Saturday, April 05, 2014

Windows of the Soul

It's been in the eyes of our eighth graders for at least six weeks now.  It's becoming harder and harder to ignore in any high school or college seniors we know.  I can't say I've seen it in the kindergartners, but I know it's there in all fourth-year seminarians:  short-timer syndrome.
Tall and winsome as he is, Deacon Corey Krengiel is "so short he could dangle his feet off a dime," as my active-duty military coworkers would have said it back in the day.  An assignment here he began last September right after Labor Day is already completed.  He has a few more weeks of classes, a good-sized vacation at Easter, and a few exams.  Then he will give his ivory Oldsmobile her head and let her take him home to Illinois.  There, on Saturday May 24, God willing, Bishop Jenky of Peoria will ordain him Priest along with three other men who have been his classmates at Mount Saint Mary's Seminary. 
He got his completed evaluation from me months ago, and his review by the seminary faculty and even his Call to Orders are both submitted.  Nonetheless, he has continued showing up here, bringing his service and his homilies for the past weeks - every weekend in March, and Confirmation on top of that.  So he has been a big help to me despite the fact that he would probably much rather be planning his ordination or daydreaming about his first Mass.
But I could see it in his eyes.  He is ready to move on.  Indeed, he should be.  There's a saying in the clergy world that your worst day as a priest is better than your best day as a seminarian, and there is something to that.    But as he enters the priestly ministry to which Jesus called him, he will take a bit of all of you with him.  You helped him uncover and hone that identity that ordination will unite with Christ the High Priest. 

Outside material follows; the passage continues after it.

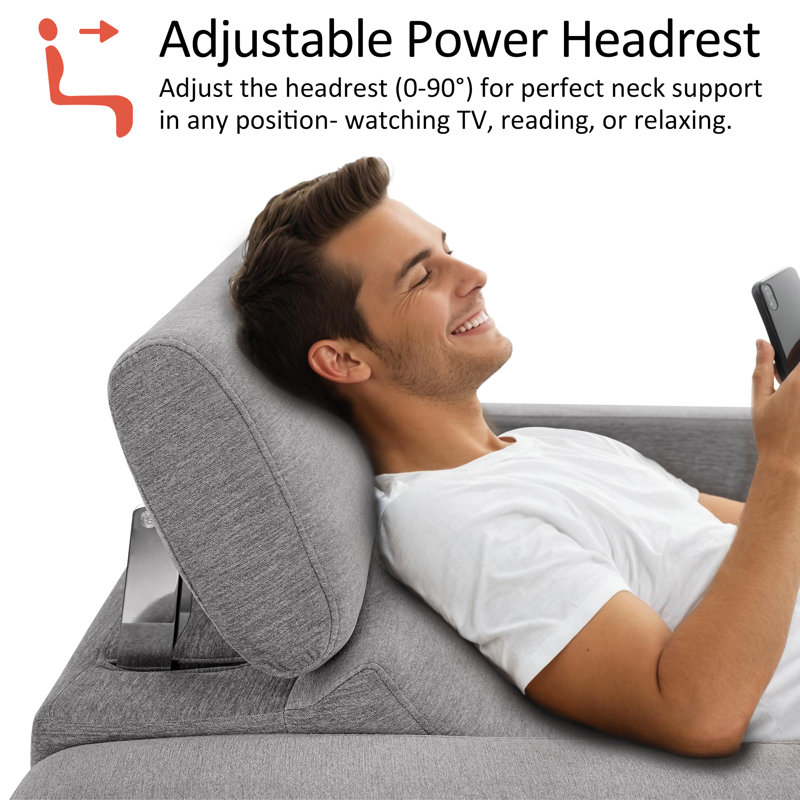 62.2'' Zero Clearance Recliner Power Recliner Loveseat Sofa with Adjustable Headrest for Small Space, Gray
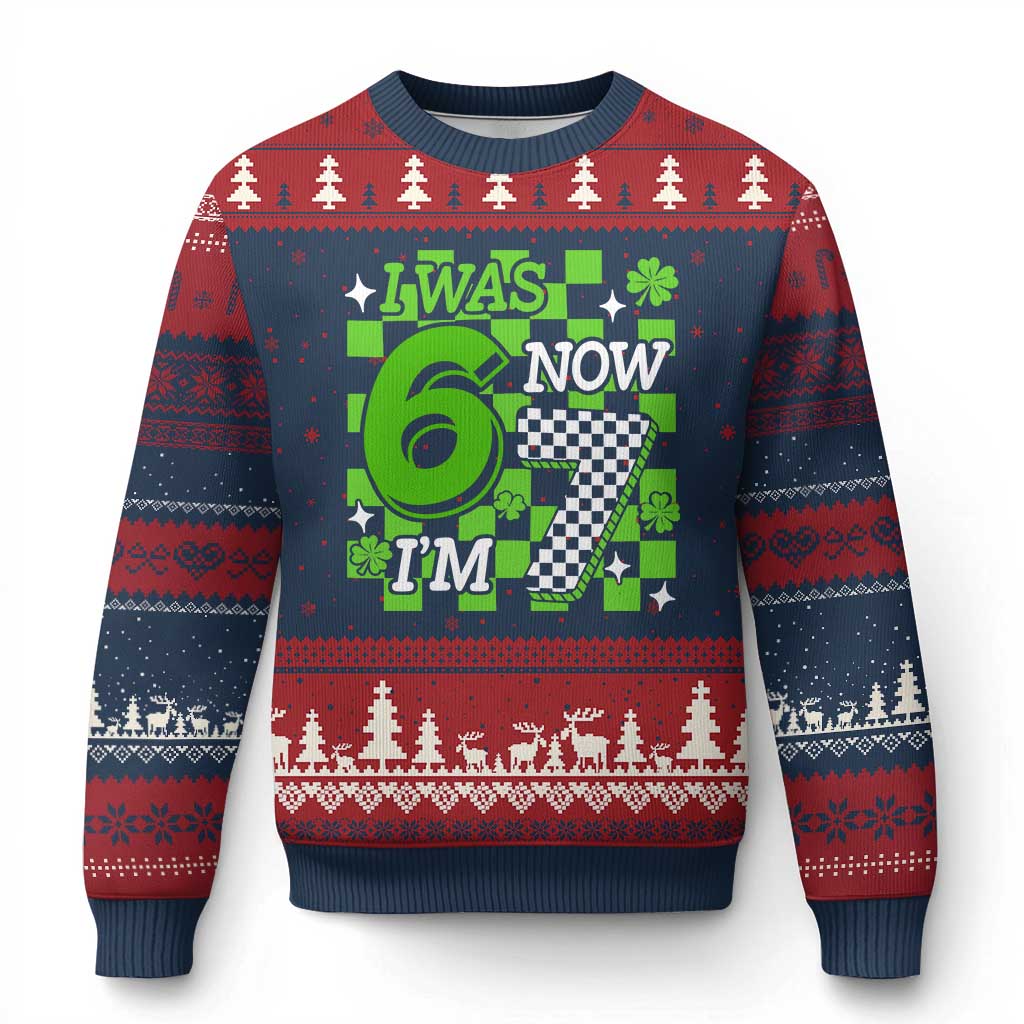 I Was 6 Now I'm 7 Ugly Christmas Sweater Funny 7th 67 Birthday Meme Lucky Shamrock Checkered TS10 Navy Red Print Your Wear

This is Deacon Krengiel’s last weekend.  Over in the rectory, we’ll be feeding him as well as we can as “food for the journey.”  Please take the time today to seek him out, thank him for whatever was your favorite thing about his time here.  Promise him your prayers, especially on the weekend of his ordination.
Speaking of a look in the eyes, all of us, every human being in this parish and possibly all of Washington, went absolutely wild-eyed when we beheld, once again, snow last Sunday afternoon.  Unpredicted and improbable, it came despite Father McCabe’s assurance that a generous donation to the Winter Expenses collection would guarantee no more of the sloppy white stuff this year.  For many folks, it was the last straw.  I heard a vast, collective primal scream ringing from the houses and alleyways as I made my way home for exposition, adoration, and benediction.
That impudent outburst of a fading winter was no indication that there is a failure of fidelity in this parish.  The preliminary numbers on the special collection are quite good – more than half of the $15K by which our snow-removal costs exceeded budget.  I am confident we will get a huge boost when we add to that amount follow-ups from folks who weren’t here or weren’t ready, and whatever comes in through Faith Direct, which is how many of our most consistent givers make their offerings.  So, thank you all.
But it’s April at last, and at long last the air has a different fragrance.  Winter wouldn’t dare do the unspeakable to us again now.  We are done.  You can see it in our eyes.